- [Assigned task]: Required from the data below: the exact lines starting at the line containing "A hand holds" and ending at the line containing "Slide: The Image", with both ends kept and all pictures dropped.

- [Source records]:
▬▬▬

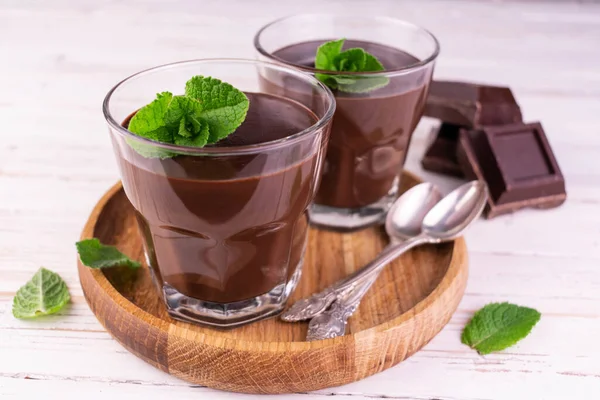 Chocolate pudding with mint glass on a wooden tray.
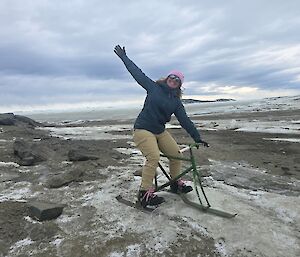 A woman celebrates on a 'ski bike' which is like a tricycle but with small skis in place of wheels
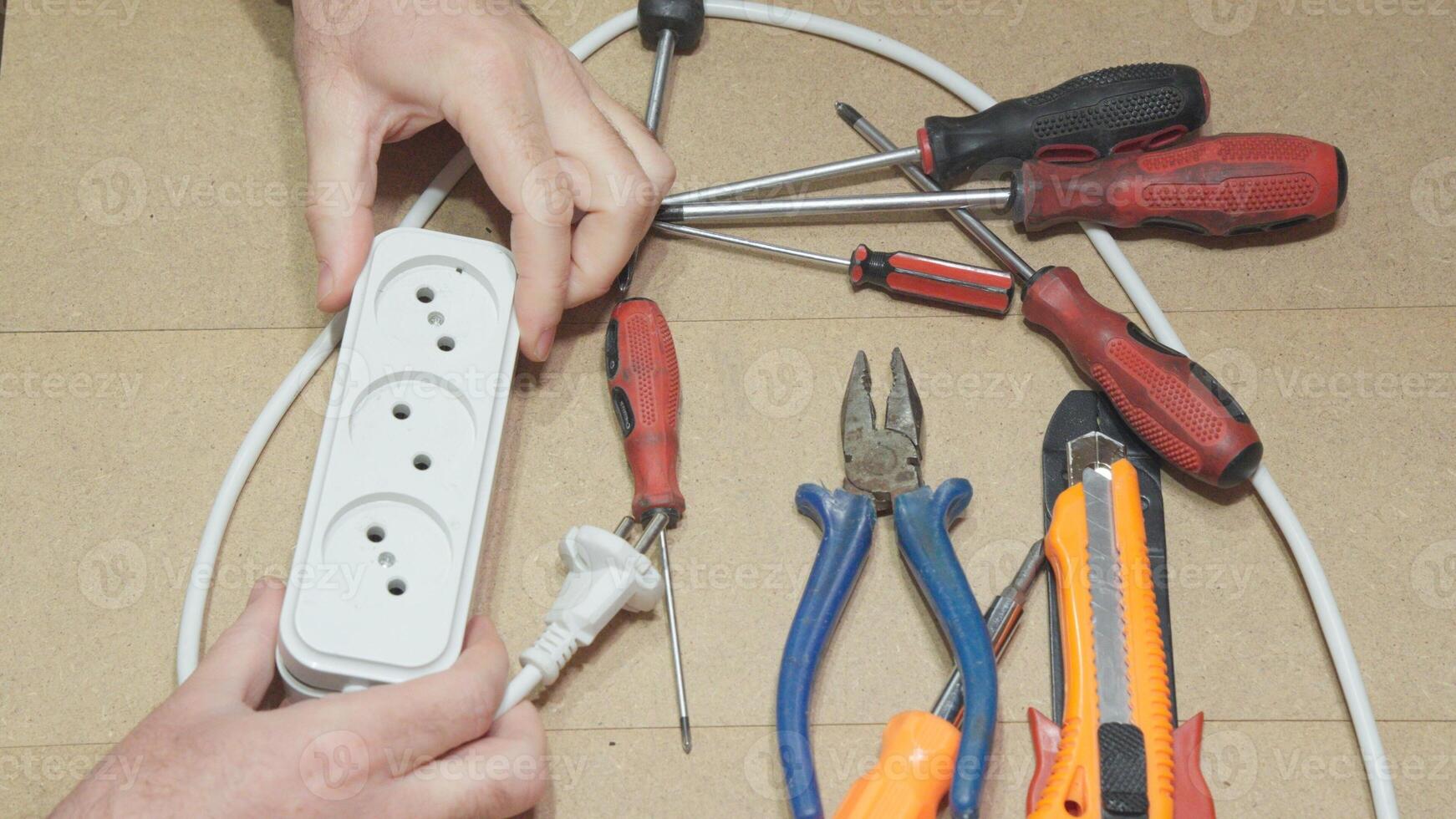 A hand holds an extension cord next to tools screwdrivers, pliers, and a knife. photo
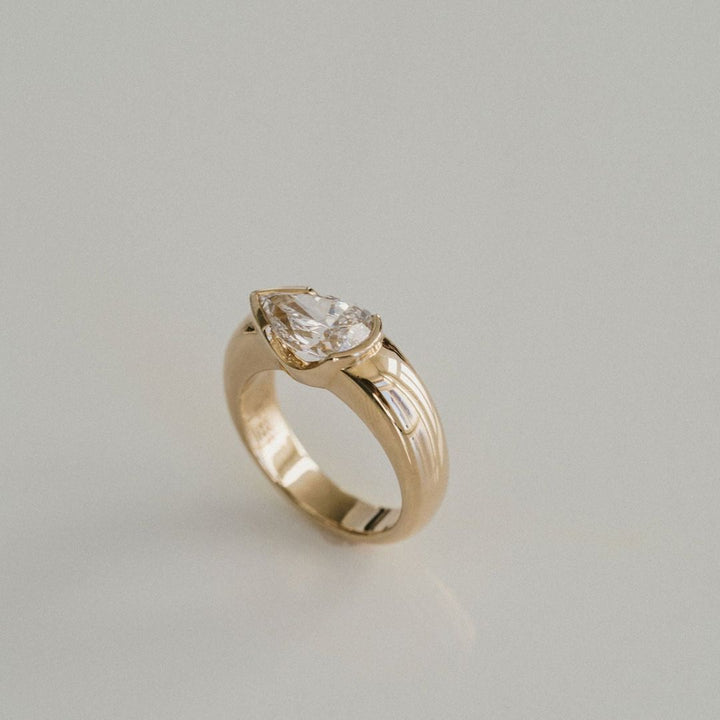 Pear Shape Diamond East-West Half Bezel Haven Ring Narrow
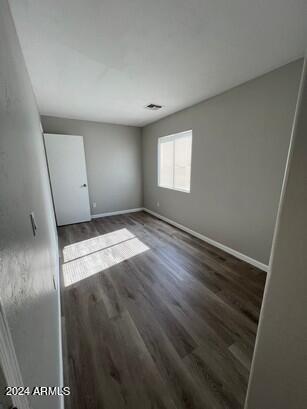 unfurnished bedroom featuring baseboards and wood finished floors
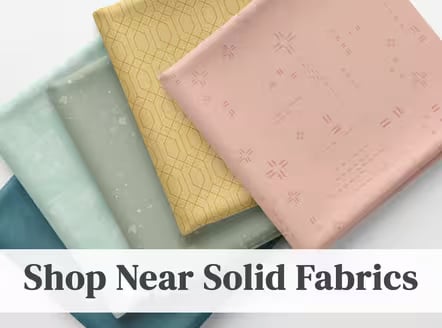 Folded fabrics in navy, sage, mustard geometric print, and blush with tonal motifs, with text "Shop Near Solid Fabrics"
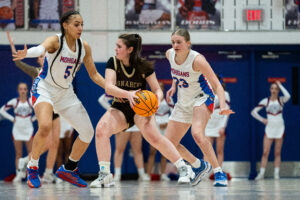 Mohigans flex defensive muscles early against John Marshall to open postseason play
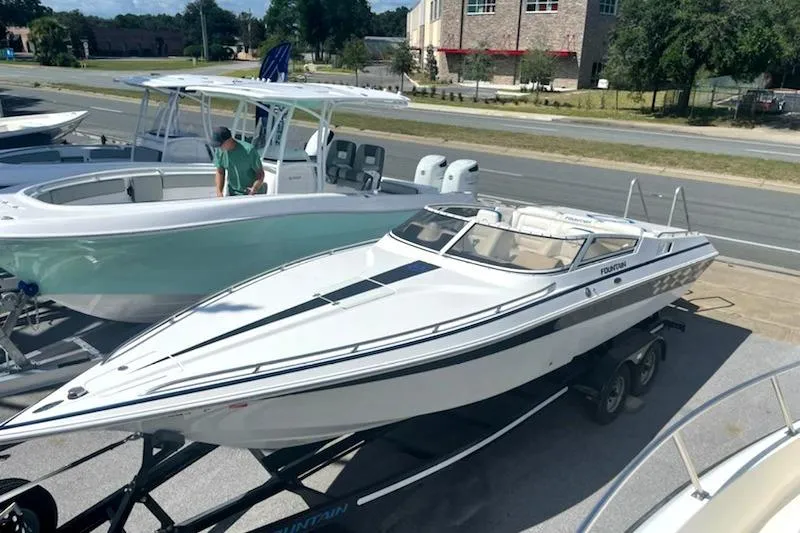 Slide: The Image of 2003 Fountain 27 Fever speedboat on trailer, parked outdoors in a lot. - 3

▬▬▬

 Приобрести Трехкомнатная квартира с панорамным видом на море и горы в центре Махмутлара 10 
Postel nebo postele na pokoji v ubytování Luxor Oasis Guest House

▬▬▬

- [Worked solution]:
 A hand holds an extension cord next to tools screwdrivers, pliers, and a knife. photo
 Pear Shape Diamond East-West Half Bezel Haven Ring Narrow
 unfurnished bedroom featuring baseboards and wood finished floors
 Folded fabrics in navy, sage, mustard geometric print, and blush with tonal motifs, with text "Shop Near Solid Fabrics"
 Mohigans flex defensive muscles early against John Marshall to open postseason play
 Slide: The Image of 2003 Fountain 27 Fever speedboat on trailer, parked outdoors in a lot. - 3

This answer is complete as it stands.